Nous discutons pour décider de la suite des événements : d'abord plonger le S2, puis l'escalade du puits. Par une petite escalade en libre du puits de 10m qui s'ouvre au-dessus du plan d'eau, je transporte les deux pesants bidons. Je les ouvre et en extrais le matériel dont j'ai besoin, j'enfile le harnais patiemment réalisé par Philippe Bigeard (Bibige), j'enlève le petites lampes du casque y laissant monté uniquement les deux lampes LED. J'utiliserai les palmes à voilure courte de Roberto, plus pratiques dans les milieux intimes et m'équipe des bouteilles en les accrochant selon une technique sidemount qui permet de décrocher plus facilement les bouteilles du harnais que ne l'autorisait la technique de plongée à l'anglaise traditionnelle.
Le dévidoir en main, je fais un dernier contrôle des détendeurs et avant même d'avoir commencé à plonger voici que l'un des Cyclons se met, sans raison apparente, en débit continu; je ferme la bouteille purge légèrement le deuxième étage et lorsque j'ouvre à nouveau la bouteille tout se passe normalement.
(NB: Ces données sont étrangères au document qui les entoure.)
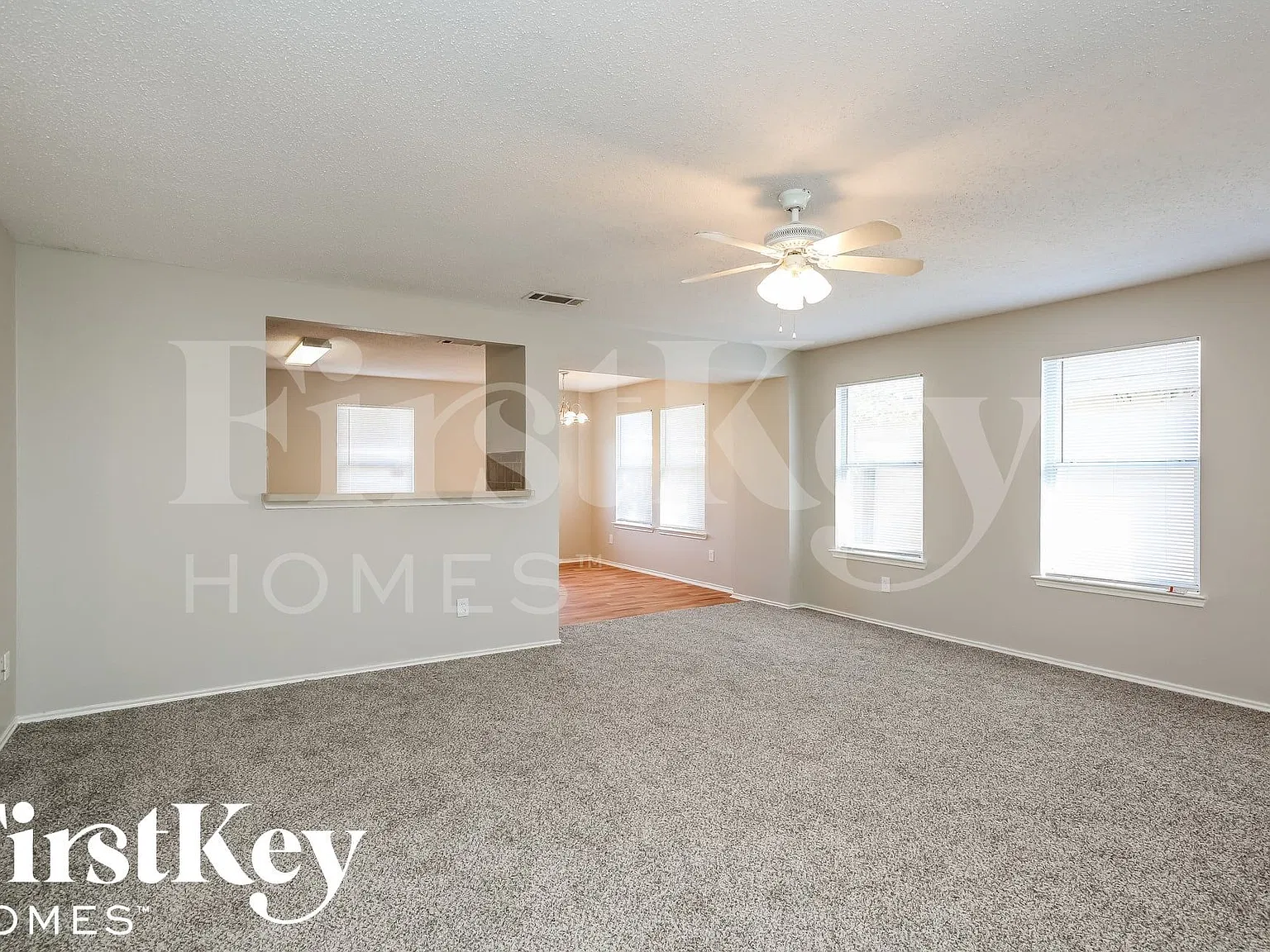 3 bed, 2.0 bath, 1645 sqft, $2,150 — Photo 4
Je ne suis plus habitué à plonger en circuit ouvert et en quand je pense à l'autonomie limitée de ces deux petites bouteilles ça ne me plaît pas beaucoup; mais me voici maintenant quand même prêt à plonger. Après peu de mètres, je trouve le fil que j'avais posé il y a quelques mois et il est cassé. J'attache le nouveau fil et avance rapidement jusqu'à l'endroit le plus étroit, que je passe facilement puis fais 5m de nouvelle exploration et arrive sur un éboulis. Je décide de m'arrêter car je suis devant deux autres étroitures et savoir quel chemin est le bon n'est évident. L'eau commençant à se troubler, j'attache le fil et m'en retourne. Je me coince dans l'étroiture mais après avoir déplacé un tant soit peu le casque et une bouteille, ça passe: je refais surface en peu de temps. Je décris brièvement la plongée à mes camarades puis nous remontons le puits jusqu'à l'endroit le plus commode pour nous changer.
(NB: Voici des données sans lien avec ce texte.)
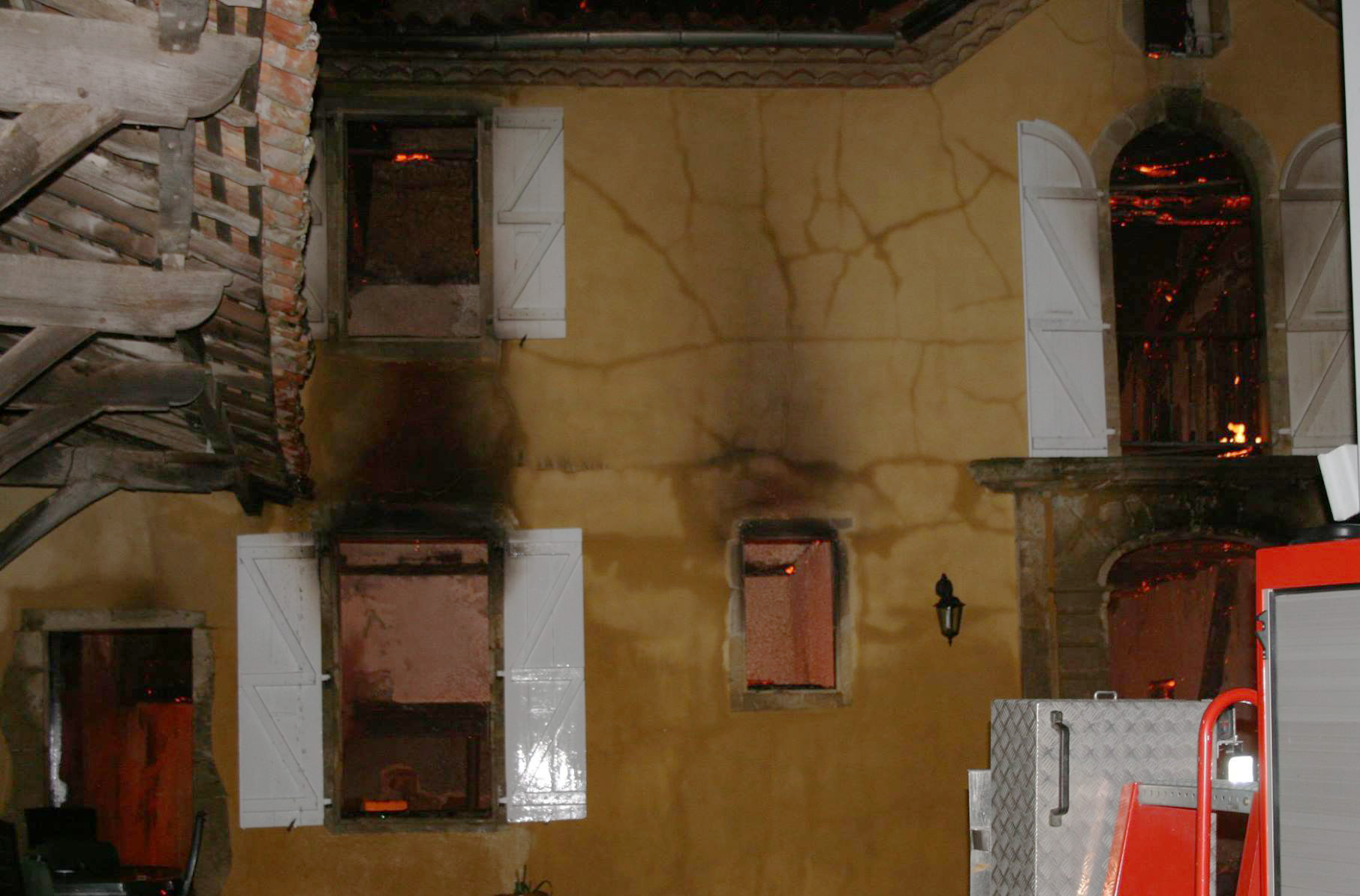 maumusson feu maison5.jpg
Nous décidons de nous restaurer un peu et vu que le pain, le fromage le noisettes et l'eau ne manquent pas nous faisons un festin avant de nous remettre au travail. J'enfile un nouvel harnais, des chaussures de montagne et mon casque spéléo. Pour la circonstance, il remplacera avantageusement le casque de plongée, plus confortable à porter soit, mais moins sûr. Corde, perceuse, marteau, clef anglaise, spit et tout le matériel nécessaire pour l' escalade complètent l'équipement. Je commence à remonter le puits: les premiers 5m sont faciles, puis 5m encore. Je continue sans m'assurer, arrivé à 15m de hauteur environ je m'arrête pour observer et réfléchir à comment passer le passage particulièrement délicat, le plus délicat jusqu'ici, auquel je suis arrivé. Sous moi, j'entends la voix de Jean-Jacques qui me dit "ce n'est pas l'heure de planter un spit" ! A entendre cette injonction mes méninges commencent à s'agiter, je ne suis pas dans une place très commode mais après avoir sondé la roche avec le marteau, je trouve un endroit propice pour mettre un point d'ancrage. Perceuse, mèche. spit, plaquette, mousqueton, corde et voilà, c'est fait ! Je descends pour aller mettre aussi un ancrage à la base du puits et permettre ainsi à Jean-Jacques de m'assurer puisqu'il n'a pas encore enfilé son harnais. Me voici à nouveau arrivé au passage délicat, je m'y engage avec détermination et le passe escaladant 5m de plus et quand je constate que sur la droite la galerie ne continue pas, je perds un peu le moral. Bon, il reste cachée par un replat, la partie gauche à explorer.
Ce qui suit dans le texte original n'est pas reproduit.